## PROBLEM
Copy every record word for word.

## Short text fragments from websites
☆ ☆ ☆ ☆

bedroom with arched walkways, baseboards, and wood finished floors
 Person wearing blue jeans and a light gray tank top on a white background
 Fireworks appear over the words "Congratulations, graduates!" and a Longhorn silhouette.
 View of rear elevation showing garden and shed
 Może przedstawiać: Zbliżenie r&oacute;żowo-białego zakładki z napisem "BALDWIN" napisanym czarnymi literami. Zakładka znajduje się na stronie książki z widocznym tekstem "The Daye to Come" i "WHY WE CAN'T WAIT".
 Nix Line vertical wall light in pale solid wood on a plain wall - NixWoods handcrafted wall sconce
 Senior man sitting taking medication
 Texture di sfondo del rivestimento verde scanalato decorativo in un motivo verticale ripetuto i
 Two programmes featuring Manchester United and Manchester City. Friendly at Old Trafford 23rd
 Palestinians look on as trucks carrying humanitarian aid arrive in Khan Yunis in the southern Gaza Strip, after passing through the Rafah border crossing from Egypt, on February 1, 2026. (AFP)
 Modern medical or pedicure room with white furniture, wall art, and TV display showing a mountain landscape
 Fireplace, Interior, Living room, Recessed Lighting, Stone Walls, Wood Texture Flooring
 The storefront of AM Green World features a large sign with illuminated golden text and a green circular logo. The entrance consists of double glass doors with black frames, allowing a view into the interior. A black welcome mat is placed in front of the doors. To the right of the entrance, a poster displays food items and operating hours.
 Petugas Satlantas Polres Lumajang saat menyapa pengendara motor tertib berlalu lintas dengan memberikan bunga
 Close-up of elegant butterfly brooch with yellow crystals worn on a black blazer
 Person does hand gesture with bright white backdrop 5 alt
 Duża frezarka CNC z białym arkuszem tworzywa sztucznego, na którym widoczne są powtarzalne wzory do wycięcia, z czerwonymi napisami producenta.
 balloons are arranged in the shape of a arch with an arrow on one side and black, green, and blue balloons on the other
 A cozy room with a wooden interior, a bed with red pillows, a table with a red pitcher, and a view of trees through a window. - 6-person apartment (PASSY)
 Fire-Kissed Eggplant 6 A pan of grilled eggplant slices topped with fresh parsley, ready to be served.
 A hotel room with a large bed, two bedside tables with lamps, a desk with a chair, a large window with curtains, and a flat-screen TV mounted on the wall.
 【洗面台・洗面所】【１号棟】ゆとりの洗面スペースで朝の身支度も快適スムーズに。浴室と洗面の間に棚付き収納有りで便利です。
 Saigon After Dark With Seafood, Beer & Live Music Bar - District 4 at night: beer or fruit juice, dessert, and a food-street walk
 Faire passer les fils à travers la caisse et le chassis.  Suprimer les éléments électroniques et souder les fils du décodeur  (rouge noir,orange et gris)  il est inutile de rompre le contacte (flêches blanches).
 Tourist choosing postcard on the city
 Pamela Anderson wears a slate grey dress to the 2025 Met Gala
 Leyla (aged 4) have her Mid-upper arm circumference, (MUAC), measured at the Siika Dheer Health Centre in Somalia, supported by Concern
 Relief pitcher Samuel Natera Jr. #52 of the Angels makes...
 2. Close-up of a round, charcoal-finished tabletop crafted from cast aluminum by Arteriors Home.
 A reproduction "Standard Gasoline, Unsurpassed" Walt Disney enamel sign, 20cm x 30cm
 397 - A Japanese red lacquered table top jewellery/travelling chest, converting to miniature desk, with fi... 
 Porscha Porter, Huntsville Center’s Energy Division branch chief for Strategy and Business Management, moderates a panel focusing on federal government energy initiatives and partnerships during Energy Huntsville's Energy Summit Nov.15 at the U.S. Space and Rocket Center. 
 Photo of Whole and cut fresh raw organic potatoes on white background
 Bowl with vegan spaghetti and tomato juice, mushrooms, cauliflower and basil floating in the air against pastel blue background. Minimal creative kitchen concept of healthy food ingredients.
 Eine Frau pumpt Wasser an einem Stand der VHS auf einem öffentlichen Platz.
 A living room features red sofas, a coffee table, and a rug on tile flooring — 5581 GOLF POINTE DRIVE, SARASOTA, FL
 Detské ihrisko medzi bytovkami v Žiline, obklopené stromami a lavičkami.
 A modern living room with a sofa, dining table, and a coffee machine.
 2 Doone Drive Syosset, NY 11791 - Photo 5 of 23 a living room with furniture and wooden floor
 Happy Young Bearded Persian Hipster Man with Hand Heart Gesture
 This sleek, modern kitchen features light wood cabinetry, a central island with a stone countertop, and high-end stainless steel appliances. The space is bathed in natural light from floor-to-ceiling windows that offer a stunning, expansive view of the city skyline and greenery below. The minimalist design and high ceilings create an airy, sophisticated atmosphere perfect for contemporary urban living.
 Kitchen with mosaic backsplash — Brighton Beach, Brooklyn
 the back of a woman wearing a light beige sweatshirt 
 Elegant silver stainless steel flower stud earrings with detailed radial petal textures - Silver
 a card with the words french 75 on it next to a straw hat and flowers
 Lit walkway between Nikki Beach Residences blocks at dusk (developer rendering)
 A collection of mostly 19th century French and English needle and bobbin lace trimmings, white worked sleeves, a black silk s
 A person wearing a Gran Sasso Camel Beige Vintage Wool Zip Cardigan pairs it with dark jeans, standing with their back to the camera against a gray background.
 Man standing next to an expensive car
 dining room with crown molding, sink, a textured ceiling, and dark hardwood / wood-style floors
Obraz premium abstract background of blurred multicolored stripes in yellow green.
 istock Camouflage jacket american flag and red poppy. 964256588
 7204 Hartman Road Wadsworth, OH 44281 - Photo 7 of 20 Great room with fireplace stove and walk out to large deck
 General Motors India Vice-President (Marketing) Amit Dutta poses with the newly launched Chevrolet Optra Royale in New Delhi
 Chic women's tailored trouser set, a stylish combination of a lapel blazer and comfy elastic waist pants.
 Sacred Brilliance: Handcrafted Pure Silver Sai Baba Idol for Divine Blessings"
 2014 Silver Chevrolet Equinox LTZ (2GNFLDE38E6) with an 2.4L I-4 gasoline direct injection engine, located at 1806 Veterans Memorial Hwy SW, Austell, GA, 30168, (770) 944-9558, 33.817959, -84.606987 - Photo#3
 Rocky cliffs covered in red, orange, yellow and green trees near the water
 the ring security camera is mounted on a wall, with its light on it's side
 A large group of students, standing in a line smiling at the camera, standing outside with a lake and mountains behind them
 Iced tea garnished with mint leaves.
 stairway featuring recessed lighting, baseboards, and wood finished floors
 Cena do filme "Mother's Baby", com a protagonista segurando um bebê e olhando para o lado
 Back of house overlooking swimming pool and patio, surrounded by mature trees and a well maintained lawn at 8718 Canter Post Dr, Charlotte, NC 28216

☆ ☆ ☆ ☆

## YOUR SOLUTION
bedroom with arched walkways, baseboards, and wood finished floors
 Person wearing blue jeans and a light gray tank top on a white background
 Fireworks appear over the words "Congratulations, graduates!" and a Longhorn silhouette.
 View of rear elevation showing garden and shed
 Może przedstawiać: Zbliżenie r&oacute;żowo-białego zakładki z napisem "BALDWIN" napisanym czarnymi literami. Zakładka znajduje się na stronie książki z widocznym tekstem "The Daye to Come" i "WHY WE CAN'T WAIT".
 Nix Line vertical wall light in pale solid wood on a plain wall - NixWoods handcrafted wall sconce
 Senior man sitting taking medication
 Texture di sfondo del rivestimento verde scanalato decorativo in un motivo verticale ripetuto i
 Two programmes featuring Manchester United and Manchester City. Friendly at Old Trafford 23rd
 Palestinians look on as trucks carrying humanitarian aid arrive in Khan Yunis in the southern Gaza Strip, after passing through the Rafah border crossing from Egypt, on February 1, 2026. (AFP)
 Modern medical or pedicure room with white furniture, wall art, and TV display showing a mountain landscape
 Fireplace, Interior, Living room, Recessed Lighting, Stone Walls, Wood Texture Flooring
 The storefront of AM Green World features a large sign with illuminated golden text and a green circular logo. The entrance consists of double glass doors with black frames, allowing a view into the interior. A black welcome mat is placed in front of the doors. To the right of the entrance, a poster displays food items and operating hours.
 Petugas Satlantas Polres Lumajang saat menyapa pengendara motor tertib berlalu lintas dengan memberikan bunga
 Close-up of elegant butterfly brooch with yellow crystals worn on a black blazer
 Person does hand gesture with bright white backdrop 5 alt
 Duża frezarka CNC z białym arkuszem tworzywa sztucznego, na którym widoczne są powtarzalne wzory do wycięcia, z czerwonymi napisami producenta.
 balloons are arranged in the shape of a arch with an arrow on one side and black, green, and blue balloons on the other
 A cozy room with a wooden interior, a bed with red pillows, a table with a red pitcher, and a view of trees through a window. - 6-person apartment (PASSY)
 Fire-Kissed Eggplant 6 A pan of grilled eggplant slices topped with fresh parsley, ready to be served.
 A hotel room with a large bed, two bedside tables with lamps, a desk with a chair, a large window with curtains, and a flat-screen TV mounted on the wall.
 【洗面台・洗面所】【１号棟】ゆとりの洗面スペースで朝の身支度も快適スムーズに。浴室と洗面の間に棚付き収納有りで便利です。
 Saigon After Dark With Seafood, Beer & Live Music Bar - District 4 at night: beer or fruit juice, dessert, and a food-street walk
 Faire passer les fils à travers la caisse et le chassis.  Suprimer les éléments électroniques et souder les fils du décodeur  (rouge noir,orange et gris)  il est inutile de rompre le contacte (flêches blanches).
 Tourist choosing postcard on the city
 Pamela Anderson wears a slate grey dress to the 2025 Met Gala
 Leyla (aged 4) have her Mid-upper arm circumference, (MUAC), measured at the Siika Dheer Health Centre in Somalia, supported by Concern
 Relief pitcher Samuel Natera Jr. #52 of the Angels makes...
 2. Close-up of a round, charcoal-finished tabletop crafted from cast aluminum by Arteriors Home.
 A reproduction "Standard Gasoline, Unsurpassed" Walt Disney enamel sign, 20cm x 30cm
 397 - A Japanese red lacquered table top jewellery/travelling chest, converting to miniature desk, with fi... 
 Porscha Porter, Huntsville Center’s Energy Division branch chief for Strategy and Business Management, moderates a panel focusing on federal government energy initiatives and partnerships during Energy Huntsville's Energy Summit Nov.15 at the U.S. Space and Rocket Center. 
 Photo of Whole and cut fresh raw organic potatoes on white background
 Bowl with vegan spaghetti and tomato juice, mushrooms, cauliflower and basil floating in the air against pastel blue background. Minimal creative kitchen concept of healthy food ingredients.
 Eine Frau pumpt Wasser an einem Stand der VHS auf einem öffentlichen Platz.
 A living room features red sofas, a coffee table, and a rug on tile flooring — 5581 GOLF POINTE DRIVE, SARASOTA, FL
 Detské ihrisko medzi bytovkami v Žiline, obklopené stromami a lavičkami.
 A modern living room with a sofa, dining table, and a coffee machine.
 2 Doone Drive Syosset, NY 11791 - Photo 5 of 23 a living room with furniture and wooden floor
 Happy Young Bearded Persian Hipster Man with Hand Heart Gesture
 This sleek, modern kitchen features light wood cabinetry, a central island with a stone countertop, and high-end stainless steel appliances. The space is bathed in natural light from floor-to-ceiling windows that offer a stunning, expansive view of the city skyline and greenery below. The minimalist design and high ceilings create an airy, sophisticated atmosphere perfect for contemporary urban living.
 Kitchen with mosaic backsplash — Brighton Beach, Brooklyn
 the back of a woman wearing a light beige sweatshirt 
 Elegant silver stainless steel flower stud earrings with detailed radial petal textures - Silver
 a card with the words french 75 on it next to a straw hat and flowers
 Lit walkway between Nikki Beach Residences blocks at dusk (developer rendering)
 A collection of mostly 19th century French and English needle and bobbin lace trimmings, white worked sleeves, a black silk s
 A person wearing a Gran Sasso Camel Beige Vintage Wool Zip Cardigan pairs it with dark jeans, standing with their back to the camera against a gray background.
 Man standing next to an expensive car
 dining room with crown molding, sink, a textured ceiling, and dark hardwood / wood-style floors
Obraz premium abstract background of blurred multicolored stripes in yellow green.
 istock Camouflage jacket american flag and red poppy. 964256588
 7204 Hartman Road Wadsworth, OH 44281 - Photo 7 of 20 Great room with fireplace stove and walk out to large deck
 General Motors India Vice-President (Marketing) Amit Dutta poses with the newly launched Chevrolet Optra Royale in New Delhi
 Chic women's tailored trouser set, a stylish combination of a lapel blazer and comfy elastic waist pants.
 Sacred Brilliance: Handcrafted Pure Silver Sai Baba Idol for Divine Blessings"
 2014 Silver Chevrolet Equinox LTZ (2GNFLDE38E6) with an 2.4L I-4 gasoline direct injection engine, located at 1806 Veterans Memorial Hwy SW, Austell, GA, 30168, (770) 944-9558, 33.817959, -84.606987 - Photo#3
 Rocky cliffs covered in red, orange, yellow and green trees near the water
 the ring security camera is mounted on a wall, with its light on it's side
 A large group of students, standing in a line smiling at the camera, standing outside with a lake and mountains behind them
 Iced tea garnished with mint leaves.
 stairway featuring recessed lighting, baseboards, and wood finished floors
 Cena do filme "Mother's Baby", com a protagonista segurando um bebê e olhando para o lado
 Back of house overlooking swimming pool and patio, surrounded by mature trees and a well maintained lawn at 8718 Canter Post Dr, Charlotte, NC 28216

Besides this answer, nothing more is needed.